Germany's "Red Heidi" on the attack against Wolfowitz
BERLIN (Reuters) - Heidemarie Wieczorek-Zeul, a German minister known as "red Heidi" for her auburn hair and left-wing leanings, has emerged as one of the most tenacious critics of World Bank president Paul Wolfowitz.
The 64-year-old development minister, a former history teacher, has led European calls for him to step down to salvage the bank's credibility that they say has been damaged by his handling of a promotion for his companion.
Despite her gentle appearance and soft voice, Wieczorek-Zeul has been turning up the volume of her criticism of Wolfowitz over the last month and, with the quiet backing of the German government, has now bluntly urged the American to leave.
"He would do the bank and himself a great service if he resigned," she told reporters in Berlin on Wednesday.
She also told Wolfowitz he was not welcome at a World Bank forum on development aid for Africa on Monday in Berlin he was due to attend, a slap in the face from a woman best known for causing problems for her own party leaders.
A leading leftist voice in the Social Democrats (SPD), she is the longest-serving minister in conservative Chancellor Angela Merkel's government. She has led her ministry since Merkel's predecessor, Gerhard Schroeder, appointed her in 1998.
Wieczorek-Zeul, who has often tangled with Schroeder and the more SPD centrist leaders, was a particularly loud opponent of the U.S. invasion of Iraq in 2003, which Wolfowitz helped plan in his previous capacity as deputy U.S. defense secretary.

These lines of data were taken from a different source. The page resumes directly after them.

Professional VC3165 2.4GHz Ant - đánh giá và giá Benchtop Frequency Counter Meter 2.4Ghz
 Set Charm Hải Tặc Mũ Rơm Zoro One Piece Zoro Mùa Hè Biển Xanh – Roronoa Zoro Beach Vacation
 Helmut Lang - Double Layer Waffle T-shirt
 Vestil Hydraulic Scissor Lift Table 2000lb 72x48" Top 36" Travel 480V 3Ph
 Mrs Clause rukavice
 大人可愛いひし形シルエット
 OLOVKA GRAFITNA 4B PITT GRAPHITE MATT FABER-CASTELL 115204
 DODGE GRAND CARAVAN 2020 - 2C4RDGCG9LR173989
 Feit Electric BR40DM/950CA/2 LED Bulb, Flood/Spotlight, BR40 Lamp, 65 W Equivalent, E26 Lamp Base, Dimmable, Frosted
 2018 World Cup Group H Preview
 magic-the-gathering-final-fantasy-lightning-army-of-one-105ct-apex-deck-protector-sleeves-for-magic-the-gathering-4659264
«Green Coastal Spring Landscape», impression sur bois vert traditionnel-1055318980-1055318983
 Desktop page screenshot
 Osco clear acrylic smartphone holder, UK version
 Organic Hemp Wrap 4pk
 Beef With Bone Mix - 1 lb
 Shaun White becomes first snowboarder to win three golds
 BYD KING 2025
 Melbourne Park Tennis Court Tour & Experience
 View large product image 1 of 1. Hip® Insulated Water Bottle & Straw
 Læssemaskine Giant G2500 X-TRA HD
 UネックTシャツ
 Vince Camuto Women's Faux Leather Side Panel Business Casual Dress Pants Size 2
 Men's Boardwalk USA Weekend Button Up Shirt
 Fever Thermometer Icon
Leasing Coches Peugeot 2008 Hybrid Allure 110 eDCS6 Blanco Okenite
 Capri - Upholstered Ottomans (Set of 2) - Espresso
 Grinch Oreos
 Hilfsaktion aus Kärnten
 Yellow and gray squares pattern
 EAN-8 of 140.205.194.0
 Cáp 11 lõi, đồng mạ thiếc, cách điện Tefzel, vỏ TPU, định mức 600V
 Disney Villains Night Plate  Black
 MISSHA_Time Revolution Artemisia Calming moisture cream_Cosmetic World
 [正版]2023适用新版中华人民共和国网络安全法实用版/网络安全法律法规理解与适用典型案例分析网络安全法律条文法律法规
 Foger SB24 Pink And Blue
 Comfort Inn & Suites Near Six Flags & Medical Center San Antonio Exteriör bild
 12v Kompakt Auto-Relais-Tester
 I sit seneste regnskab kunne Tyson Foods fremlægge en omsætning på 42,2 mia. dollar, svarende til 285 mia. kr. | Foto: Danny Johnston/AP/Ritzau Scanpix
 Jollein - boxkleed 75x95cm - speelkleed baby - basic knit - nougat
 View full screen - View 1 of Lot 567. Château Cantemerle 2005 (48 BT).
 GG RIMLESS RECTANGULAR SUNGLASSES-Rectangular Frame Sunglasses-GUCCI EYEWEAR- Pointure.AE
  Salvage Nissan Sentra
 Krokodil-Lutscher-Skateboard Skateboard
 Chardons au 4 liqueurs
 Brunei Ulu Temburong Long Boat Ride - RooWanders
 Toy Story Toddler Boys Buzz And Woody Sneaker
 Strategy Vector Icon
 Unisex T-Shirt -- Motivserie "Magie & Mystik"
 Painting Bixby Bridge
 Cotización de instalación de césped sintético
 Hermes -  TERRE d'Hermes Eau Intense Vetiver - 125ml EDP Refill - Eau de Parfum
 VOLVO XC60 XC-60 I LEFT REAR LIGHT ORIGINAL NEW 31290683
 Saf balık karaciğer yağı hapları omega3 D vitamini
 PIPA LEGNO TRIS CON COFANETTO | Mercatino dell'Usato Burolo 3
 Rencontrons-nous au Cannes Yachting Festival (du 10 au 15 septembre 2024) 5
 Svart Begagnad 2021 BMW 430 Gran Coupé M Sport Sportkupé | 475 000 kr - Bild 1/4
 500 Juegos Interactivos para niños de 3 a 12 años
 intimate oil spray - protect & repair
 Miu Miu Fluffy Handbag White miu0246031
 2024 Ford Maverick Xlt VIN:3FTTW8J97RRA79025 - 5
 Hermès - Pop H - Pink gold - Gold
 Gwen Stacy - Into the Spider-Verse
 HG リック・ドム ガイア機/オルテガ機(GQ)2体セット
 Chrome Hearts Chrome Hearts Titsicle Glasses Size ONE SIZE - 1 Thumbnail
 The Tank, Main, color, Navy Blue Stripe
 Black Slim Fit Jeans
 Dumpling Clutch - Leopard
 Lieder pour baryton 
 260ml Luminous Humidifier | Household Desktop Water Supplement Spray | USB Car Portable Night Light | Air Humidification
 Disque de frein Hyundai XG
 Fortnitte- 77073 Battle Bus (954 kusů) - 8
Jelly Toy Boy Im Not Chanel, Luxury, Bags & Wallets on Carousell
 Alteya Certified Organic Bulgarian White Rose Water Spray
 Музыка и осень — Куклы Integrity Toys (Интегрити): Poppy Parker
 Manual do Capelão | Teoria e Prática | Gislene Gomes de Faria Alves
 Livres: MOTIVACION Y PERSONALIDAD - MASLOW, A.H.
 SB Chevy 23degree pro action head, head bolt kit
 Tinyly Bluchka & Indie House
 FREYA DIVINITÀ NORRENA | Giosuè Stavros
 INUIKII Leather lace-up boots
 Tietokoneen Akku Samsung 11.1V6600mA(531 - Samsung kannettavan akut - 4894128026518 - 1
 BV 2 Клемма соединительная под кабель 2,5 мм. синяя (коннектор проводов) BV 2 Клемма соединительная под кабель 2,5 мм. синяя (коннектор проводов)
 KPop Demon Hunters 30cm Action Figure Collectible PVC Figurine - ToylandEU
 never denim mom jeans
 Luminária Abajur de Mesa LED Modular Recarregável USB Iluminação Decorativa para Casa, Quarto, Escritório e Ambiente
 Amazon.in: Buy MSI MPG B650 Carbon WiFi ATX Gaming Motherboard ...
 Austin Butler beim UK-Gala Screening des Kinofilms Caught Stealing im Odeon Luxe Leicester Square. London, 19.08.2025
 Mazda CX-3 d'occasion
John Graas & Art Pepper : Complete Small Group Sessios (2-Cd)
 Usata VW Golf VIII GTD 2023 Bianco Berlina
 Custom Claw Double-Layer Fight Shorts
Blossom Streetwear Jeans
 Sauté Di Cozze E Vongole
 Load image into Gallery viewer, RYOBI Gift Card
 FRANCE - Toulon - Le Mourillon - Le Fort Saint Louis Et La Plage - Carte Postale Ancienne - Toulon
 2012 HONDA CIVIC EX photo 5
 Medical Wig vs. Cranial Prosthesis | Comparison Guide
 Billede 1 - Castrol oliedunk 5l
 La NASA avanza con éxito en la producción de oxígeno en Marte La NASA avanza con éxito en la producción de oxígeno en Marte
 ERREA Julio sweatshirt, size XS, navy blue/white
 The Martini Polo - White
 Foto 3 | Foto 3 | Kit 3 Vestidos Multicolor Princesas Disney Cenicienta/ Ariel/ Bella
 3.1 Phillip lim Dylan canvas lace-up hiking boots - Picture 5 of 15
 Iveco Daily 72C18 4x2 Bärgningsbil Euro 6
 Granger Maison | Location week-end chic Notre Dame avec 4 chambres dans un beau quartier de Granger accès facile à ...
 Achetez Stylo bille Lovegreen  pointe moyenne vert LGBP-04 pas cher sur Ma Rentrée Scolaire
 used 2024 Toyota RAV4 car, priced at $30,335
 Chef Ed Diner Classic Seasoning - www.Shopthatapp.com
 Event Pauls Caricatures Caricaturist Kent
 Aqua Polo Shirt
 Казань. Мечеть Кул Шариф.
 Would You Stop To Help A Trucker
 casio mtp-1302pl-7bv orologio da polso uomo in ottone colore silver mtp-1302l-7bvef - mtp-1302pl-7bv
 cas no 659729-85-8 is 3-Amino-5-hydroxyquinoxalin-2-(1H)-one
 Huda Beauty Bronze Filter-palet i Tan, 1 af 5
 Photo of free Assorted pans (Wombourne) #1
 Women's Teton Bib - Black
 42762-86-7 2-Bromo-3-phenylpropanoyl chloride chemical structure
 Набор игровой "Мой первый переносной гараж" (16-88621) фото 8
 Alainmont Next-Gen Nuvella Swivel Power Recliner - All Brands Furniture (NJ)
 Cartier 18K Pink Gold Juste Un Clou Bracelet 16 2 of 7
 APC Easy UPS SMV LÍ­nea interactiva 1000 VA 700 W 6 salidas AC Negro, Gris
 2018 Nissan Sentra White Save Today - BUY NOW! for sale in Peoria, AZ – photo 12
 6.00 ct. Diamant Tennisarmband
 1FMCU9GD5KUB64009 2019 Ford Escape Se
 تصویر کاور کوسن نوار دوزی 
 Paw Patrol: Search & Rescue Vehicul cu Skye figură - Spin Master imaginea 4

Despite her penchant for haranguing past and present SPD leaders for not sufficiently including left-wing demands in their policies, she has raised the clout of the Development Ministry over the last nine years considerably.
A throwback to an earlier era in the SPD, Wieczorek-Zeul has been in parliament since 1987 and, with a long track record as a pacifist, has remained an anti-war activist in government.
When asked in a newspaper interview last year if she enjoyed being "a big pain", she said: "It depends. If it's necessary to push through what's needed in development policies, I'll use whatever it takes."
In 2000, she paid a high-profile trip to Cuba to announce a resumption of German development aid to Cuba and, in a surprise visit to Fidel Castro on her trip, became the first government official from reunited Germany to meet the Cuban leader.